DO YOU SEE THE PROBLEM WITH MY BRAIN AT THIS PRESENT MOMENT?
Anyway. Let’s just take a few steps back because I think I’ve thoroughly confused myself and gotten lost along a path I wasn’t even planning on taking – oh, hold up. That’s the whole issue in the first place isn’t it?
So back to the beginning: My latest and greatest “crisis” was triggered by the entirely self-inflicted thought that I would award myself with an entire afternoon to do anything I wanted.

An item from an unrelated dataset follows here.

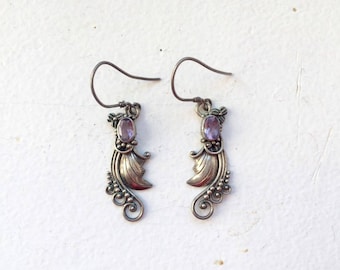 Vintage 90s Boho Sterling Silver Amethyst Dangle Native American Earrings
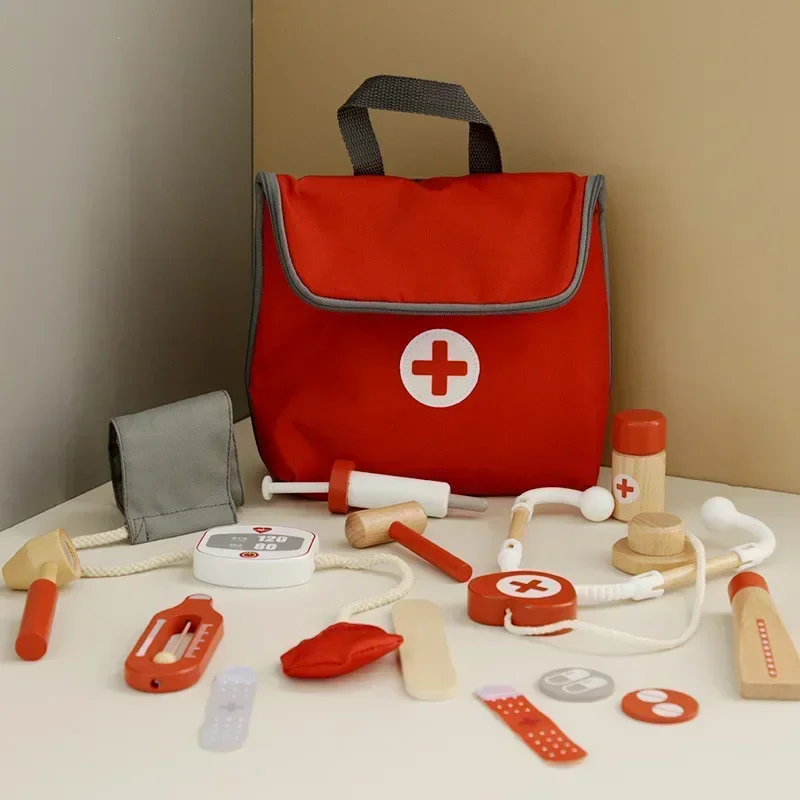 Doctor Toys for Children Set Kids Wooden Pretend Play Kit Games for Girls Boys Red Medical Dentist Medicine Box Cloth Bags Gifts
Doctor Toys for Children Set Kids Wooden Pretend Play Kit Games for Girls Boys Red Medical Dentist Medicine Box Cloth Bags Gifts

I promised myself that I would not let myself touch a single piece of schoolwork until tomorrow morning, and that I would not even think about that English film essay just waiting to be planned and written and scrapped and rewritten and cried over several times.

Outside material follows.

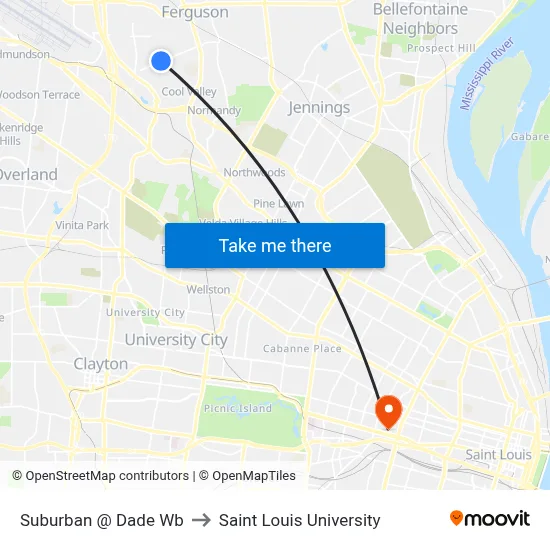 Suburban @ Dade Wb to Saint Louis University map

This wonderfully intelligent and well-meant plan didn’t work out so well when I discovered, after fifteen whole minutes of indulging in thoughts of what I could possibly do, that I had absolutely zero motivation to do anything.
So basically, I was bored. Simple. Except – BAM – add a few hormones, a body that hasn’t slept properly in just over a month, and a brain that’s still trying to figure out what “holiday” really means… Instant existential crisis.
Oh my word I don’t even know what I should do with myself for a couple of hours in one afternoon how am I supposed to decide what to do with myself after I finish school IF I even finish school wait didn’t I promise myself I wouldn’t even think about school today except that when I try not to think about school I can’t even think about anything because that’s how centered my life is on an institution that brings me nothing but pain and stress and heartache but also an extremely overpriced education that might just be useful to me in the future but not really because it’s a tradition kept in place by a society that tells us to sit in a building for twelve years and then get a job and pay for our children to sit in a building for twelve years so that they can get a job and pay for their children to sit in a building for twelve years when we could pretty much all live in harmony and farm our own food and have no form of currency and just barter for the things we need but America would never allow that because Capitalism is destroying all the hope in the world and is Communism even such a bad thing maybe I should move to China but then how am I going to pay to get there because I still have to finish my twelfth year in a building to get a job to receive income to pay taxes to fund the same institutions that teach us we have to go through this stupid process in the first place…
And so on and so forth.
Cue me lying on the floor listening to sad music and looking down on my life in utter misery.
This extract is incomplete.